I've been running these in my car for the latest weeks and I thought I'd share my views on them.










My background is that I've been competing in SQ since the mid 90's, I am currently an active EMMA judge and a co-owner of the Swedish distributor for Celestra, SEAS and TEC.

Previously used brands of tweeters includes:
DLS, DynAudio, Peerless, MB Quart, Morel, Seas, Scanspeak, Vifa...

*Build quality:*
Rather good actually, the picture must show an earlier version, on mine the Screen print is replaced with a classy etched logo. 

Don't really like the way you solder the wires to the PCB, it's the best connection but I'm a bit worried about the longevety of this solution. I soldered 2,5 mm² cables straight on without to much trouble, but in hindsight would probably have used short, thin connecting cables to remove the stess of the board.

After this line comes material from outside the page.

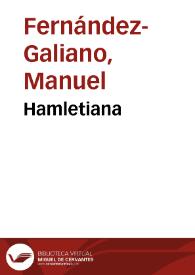 Hamletiana / Manuel Fernández Galiano | Biblioteca Virtual Miguel de Cervantes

Mounting is a bit strange, the idea is to mount it into a thin panel and then use the supplied metal wings to keep it in there. I prefer to have mine a bit more sturdy fixed and was able to use the threaded bolts on the back side to bolt to a steel brace.

*Tech stuff:*

These are ribbon tweets of rather compact dimensions, think two packs of Juicy fruit gums side by side and you get the idea. 

They reqiure a rather high cross over point, ideally over 5 kHz so they are most suited to top off a good 3-way system up front.

They are also rather effective, no problem running them on a small amp.

Cost, well I guess somwhere around $350-400 for the pair. (No I rather don't want to ship to the US, EB should have a distributor there by now!)

Italian data sheet http://www.ebacoustic.it/prod_images/LSplan.pdf

*
Listening impressions:*

WOW. I changed from using the smaller brother Tec Surface TW which does quite a good job. But this is in another league.
The soundstage is wider, deeper and more defined. By quite a lot. 
But it is tonally where it really shines. String sounds and piano overtones, the complex harmonics of overlayed cymbals and shakers all is properly resolved in a way that really puts a smile to my face. There is plenty of defenition, but in a relaxed way. I hear new things in dics I've had for a decade.

*Negatives:*
I don't enjoy listening to my home rig as much anymore. (And that's a fairly good one.) I arrive late to things as I just have to listen to the next song. 

*Verdict:*
I can't imagine doing a car for myself without them.


----------



## WLDock (Sep 27, 2005)

Nice review! What models are still in production? PM/email sent.


----------